I’ve meant to write this letter for years.
I’m sorry I didn’t; I guess I thought I was always too busy.
I remember when you were born. I was the king bee at age 5, and I was not happy about the loss of attention you caused me.
Soon after you were born, we moved from the big city to the country. I never quite appreciated our country living like you did.
It’s funny; I would give anything now to have that same life. I know you would have, too.
You thrived in that environment. I always wanted to be somewhere else.
I remember when I was in the Boy Scouts and we camped back in the woods behind our house, if I had to use the bathroom, I always came home. You dug that hole. I can still smell the fires and woods today. It’s a haunting smell. I’m sure you had remembered that smell, too.
When we were young I always thought that you were a pain and a bother. You always wanted to tag along and our mother always made me take you everywhere. Remember the time we were playing “Cowboys and Indians” and you were the Indian, and my friend Eddie and I tried to lose you? You were scared and began running wildly down the big hill in the woods. You fell and split your head open and carried a scar from that the rest of your life. Mother really let me have it for that one.
I’m sure you would remember. I was 10 and you were 5 and we were horsing around in the river. I noticed you were gone. Then I saw the sun glistening off that white-as-snow hair of yours as you were sinking below the water. I rescued you and I was so grateful that I promised the Lord that I would always protect you. Some promises are hard to keep, I’ve found out.

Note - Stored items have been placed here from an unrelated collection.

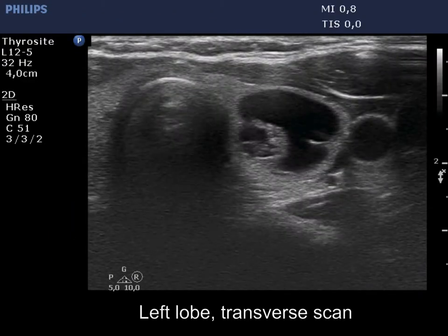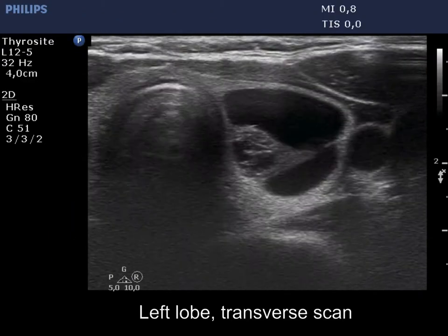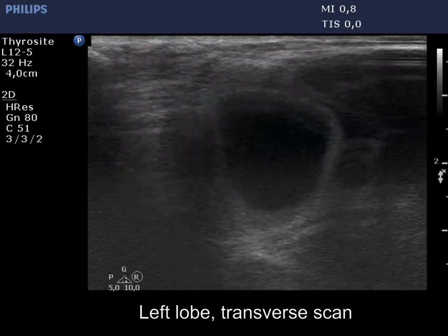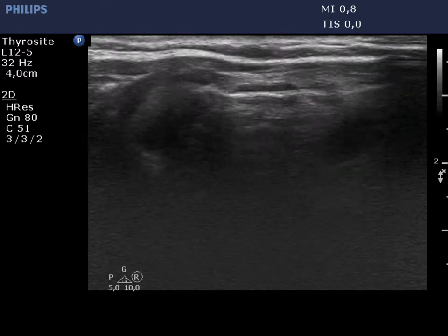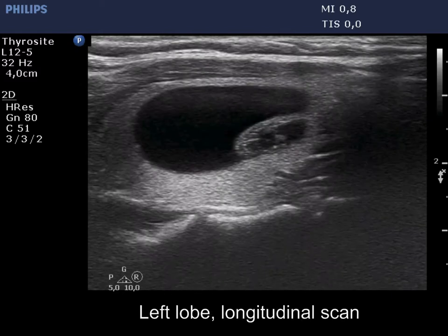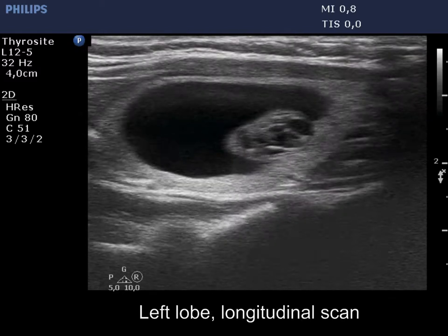The cyst has recurred. The pattern remained the same. This is a peripheral type cystic nodule.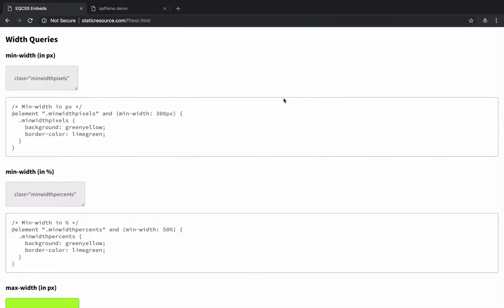Hi, my name is Tommy Hodgins. You may know me as the guy who responds to every single element query related tweet on Twitter.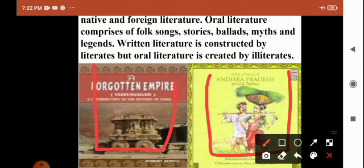Oral literature includes folk songs, stories, ballads, myths, and legends — these are all collectively called oral literature. Literature is constructed by literates, meaning learned or educated people. But oral literature is created by illiterates — people who are not formally educated but have great experience of life.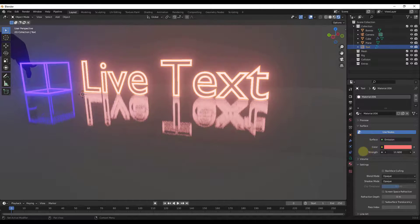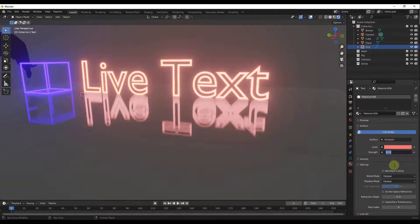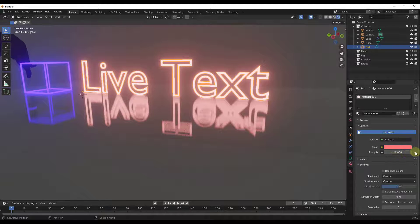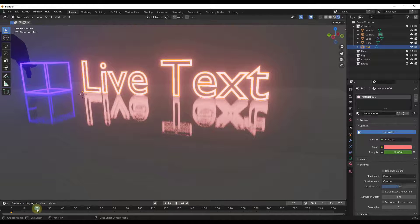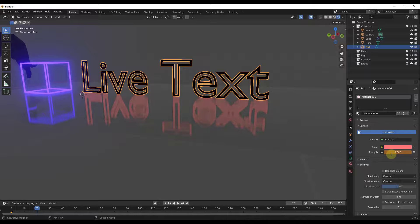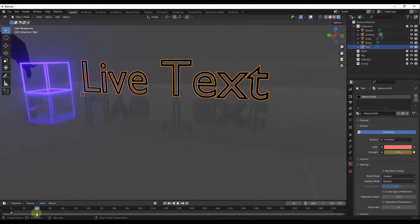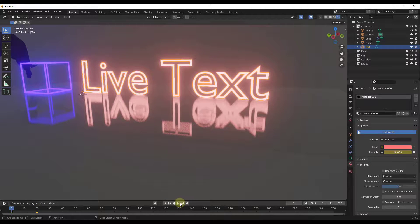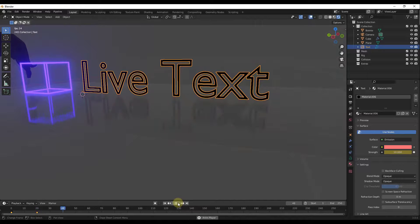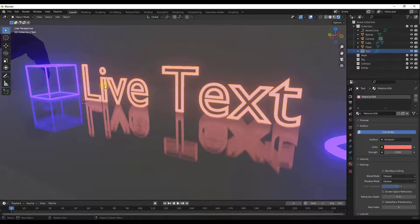Flashing on and off is pretty easy — you just keyframe the emission strength value. For example, set the strength to 10 at frame 1 and keyframe it, then at frame 20 set it to 0 and keyframe that. If you click Play, you'll see the text turning on and off.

You probably didn’t know this, but I was jealous that you could always catch more crabs and swim faster and enjoy so much of what you had. I was never happy with what I had. I always wanted more. You were always content. You and I had different personalities. I learned to be a charmer to overcome my shortcomings. You didn’t. Two plus two was always four, no matter how you looked at it.
I always found a way, even if the answer was five or three or whatever.
I went through school ahead of you, and some of the mischievous things I got away with, you never did. I guess in comparison to a charmer and a straight shooter, the charmer always wins and I always did.
When we were older, someone told me once that you told them that I was your idol. I never thought that you might feel that way. The truth of the matter, Shawn, is that I admired you. I am sure you would find that amusing.
I loved sports. You were always the natural. You could use your hands to build almost anything. I still can’t hammer a nail straight. You could grow a mean garden. You had such natural abilities. You took life as it came. You had plenty of talents. You just never recognized them.
When we were teens, I was jealous again because the girls all loved you. On the other hand, I was always like their big brother.
As we grew older, I let you down as a big brother, but Shawn, I was just so disgusted with you because you didn’t take the skills you had and turn them into something that would have made you happy.
You chose other ways to make you happy. I’m sorry you did that. Because if you were really happy and content, you would still be here, then and I wouldn’t have had to write this letter.
I’m really sorry now that I didn’t see through my disgust and be a big brother to you.
I always thought I would have plenty of time to come to grips with our relationship.
You know, I really feel good that you are in a great place now and I know that you are fishing and crabbing and building and planting a beautiful garden and thinking good thoughts for all of us.
Now you have a chance to be the big brother and the opportunity to prepare the way, and I know you will do a great job.
I love you, and you will always have a place in my heart.